İş Yerinde İnsanları Yönetmek – 3
Gürcan Banger
Genelde kişisel eğitim iki türlüdür. Birincisi; teorik veya pratik eğitim başlığı altında görsel, işitsel ya da uygulamalı olarak gerçekleşir. Diğer eğitim türü ise temsil niteliklidir. İnsanlar temsil niteliği olan kişinin tarzını referans alırlar. Bu bağlamda; iş sahibinin veya yöneticinin tutum ve davranışları çalışanlar için referans alınması gereken çerçeve anlamına gelir. Kaliteye önem vermeyen bir yöneticinin çalışanlardan kaliteli iş çıkarmalarını beklemesi hayal sayılır. Keza; müşteriye karşı olumsuz ve tutarsız davranışları içinde olan yöneticinin tarzı doğrudan çalışanlara yansır. İsrafla mücadele ve yüksek verimlilik arayışı öncelikle üst kademelerin ödevidir. Başarılı, olumlu bir örnek oluşturan yönetici ise çalışanları –sözlere ve yazılara gerek kalmadan– doğru biçimde motive eder.
Yukarıda anlattığım çerçeveyi bir kural haline dönüştürebiliriz. İş sahibi ya da yönetici işletme için gerekli ilkeleri ve kuralları –ağırlıklı biçimde yazılı olarak- oluşturmalı; çalışanların bunlara uyması için gerekli bilgilendirmeyi yapmalı; öncelikle kendisi bir çalışan olarak bu ilke ve kuralların gereğini yerine getirmelidir. Örneğin işletmede kaliteyi bir ilke olarak yerleştirmek isteyen yönetici, bunu gömülü kurumsal kültürün parçası haline getirmenin yollarını –kendisini de bu ilke ile bağlayacak biçimde– geliştirmelidir.
Sorun ve Çözüm
Sorunlar yaşamın olağan unsurlarıdır. İşin kötüsü; çoğu zaman her çözüm, yeni sorunların oluşmasına neden olabilir. Doğru ilke, –toplam kalite felsefisinde de belirtildiği gibi– sorunun kaynağını ve gelecekte sorun üretebilecek muhtemel sorun kaynaklarını daha baştan ortadan kaldırmaktır. Sorunu gidermek ancak anlık bir müdahaledir. Özetle; sorunu gidermek ile sorun kaynağını yok etmek arasındaki önemli farkın altını çizmek isterim. Sorunu giderme ile yetinme yerine sorunun kaynağını yok etme yaklaşımı, hem yöneticiler hem de çalışanlar açısından bir işletmenin kurumsal kültürünün ayrılmaz parçası olmalıdır.

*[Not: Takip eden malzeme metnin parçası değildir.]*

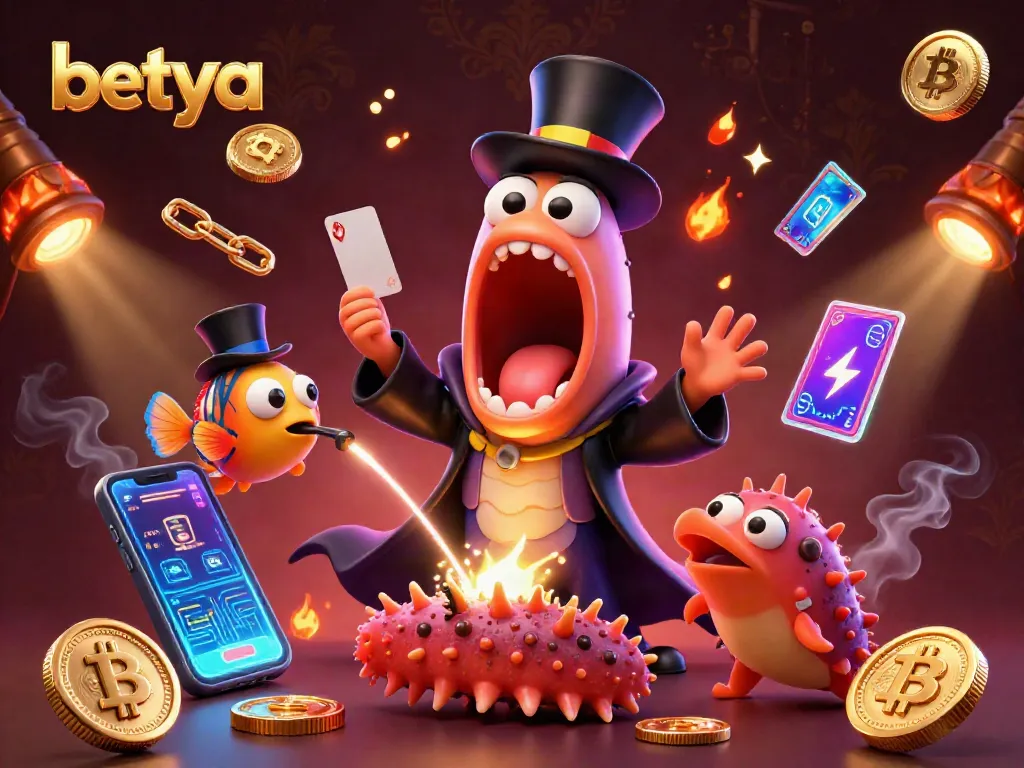 Experience the magic of betya with a bioluminescent eel performing card tricks amidst crypto-themed elements.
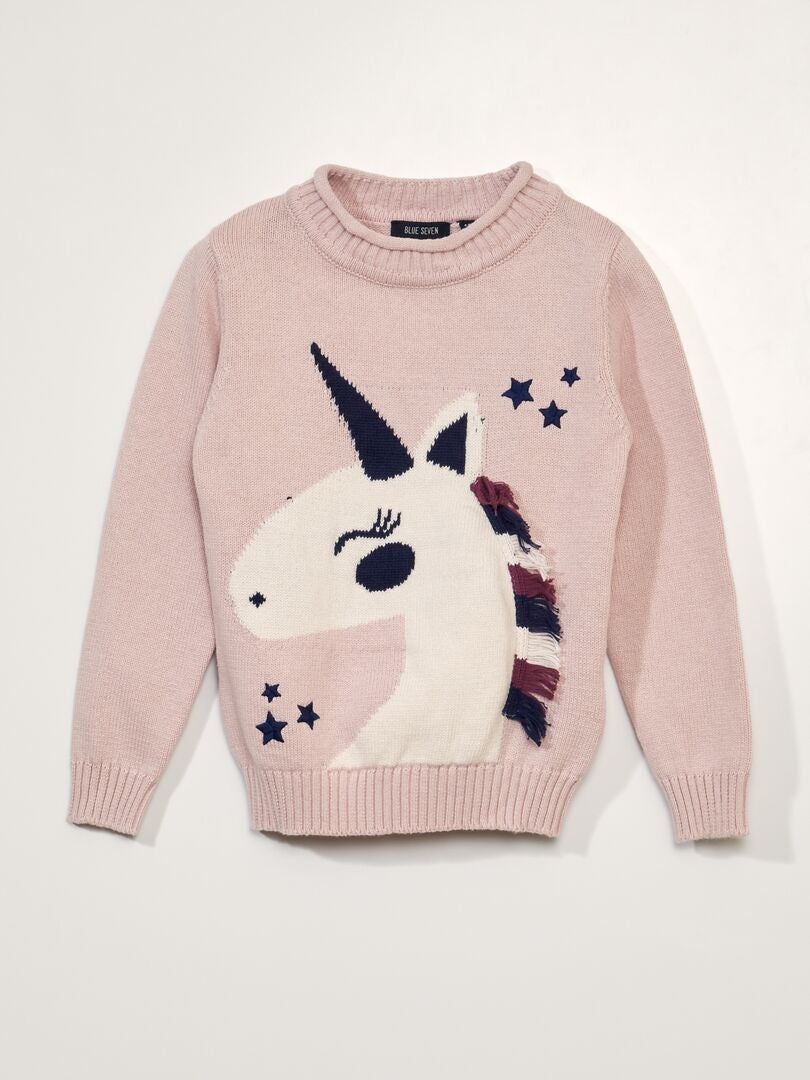 Pullover in maglia con unicorno ROSA - Kiabi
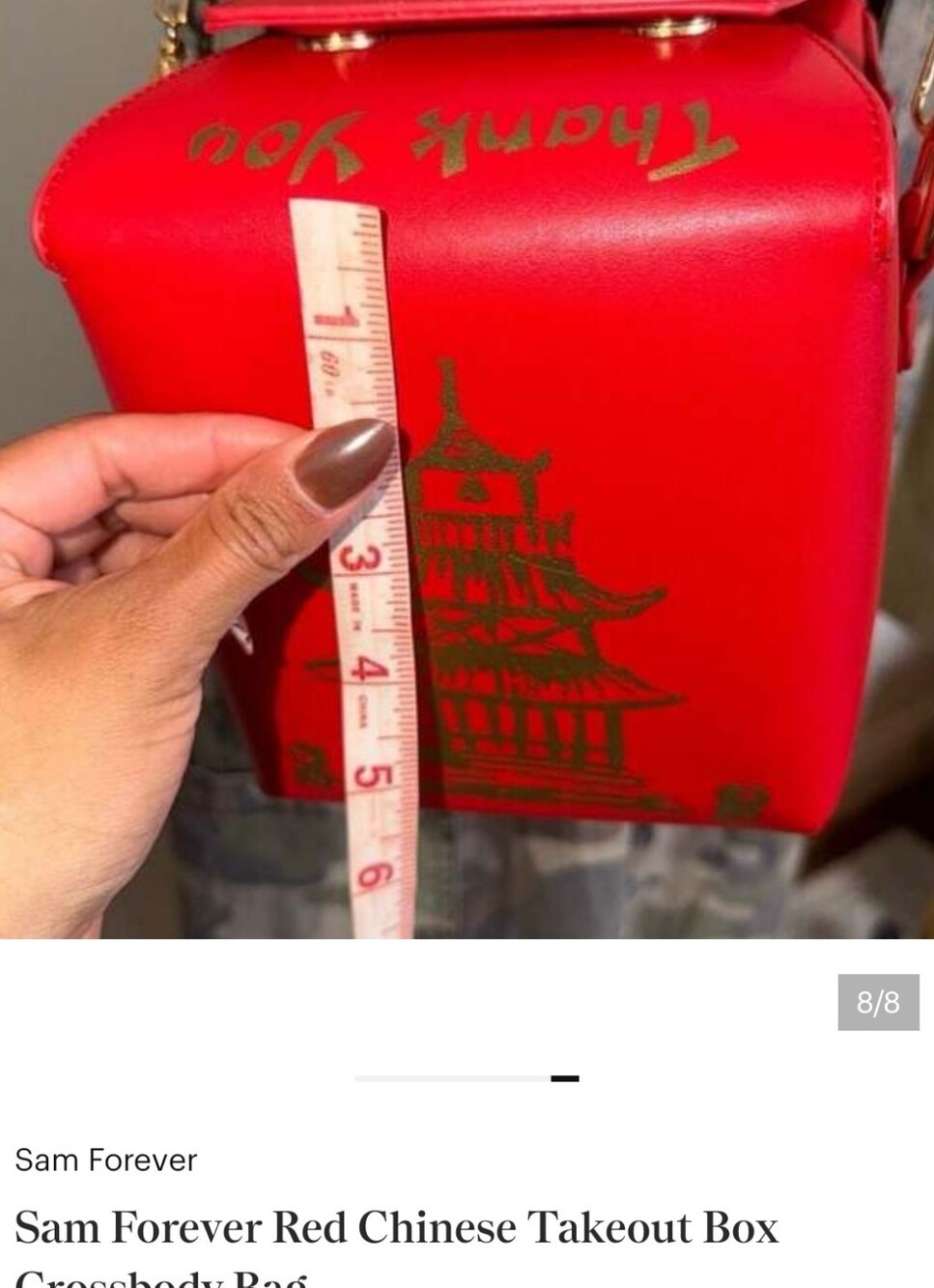 Red 'Thank You' Pagoda Box Crossbody Bag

Diğer yandan sorunlar, sıkıntılar ve darboğazlar işletme yaşamının olağan unsurlarıdır. Alınan tüm önlemlere rağmen sorunların yapısal varlığını ve gelecekte de olabileceğini sükûnetle karşılamak gerekir. Sorunlar karşısında kötü yaklaşım, panik yaşamak veya suçlamak üzere bir ‘kurban’ aramaya girişmektir. İş kültürü açısından sorun, çözülmesi gereken bir durumu ifade eder. Hiç kuşkusuz; sorunun nedenleri konusunda araştırma yapılacak, sorumlusu varsa gerekli uyarılar yapılacak ve tekrarlanmaması açısından gerekli önlemler alınacaktır. Ama sorun varlığı durumunda suç ve suçlama arayışı içinde olmak yerine soruna odaklanmak gerekir.
Sorun çözmede yüksek performans, kurumsal kültürün arzulanan niteliklerinden birisidir. Çalışanların bu yönlü becerilerinin gelişmesini sağlamak yöneticinin görevleri arasındadır. Pek çok örnekte sorunun temelleri ilk ortaya çıktığı yerde değildir. Bu nedenle sorunu ortaya çıktığı noktadan başlayarak ana kaynaklarına kadar araştırmak uygun olur. Böyle bakıldığında; her sorun, işletmede kurumsal işleyişin iyileştirilmesi, geliştirilmesi veya yenileştirilmesi için bir fırsat sayılır.
Sorunun ve Çözümün Farklı Boyutları
Sorunlar karşısında kötü yaklaşım, panik yaşamak veya suçlamak üzere bir ‘kurban’ aramaya girişmektir.
Çoğu durumda sorunun farkında olan ve muhtemel çözümü bile işi yapmakta olan çalışandır. Bu nedenle yönetici, basit daha olsa çalışanın görüşünü ihmal edemez. Yönetici için sıradan görünen bir sorun, çalışanı olumsuz yönde etkilemeye devam eder ve düşük performansa veya başarısızlığa neden olabilir.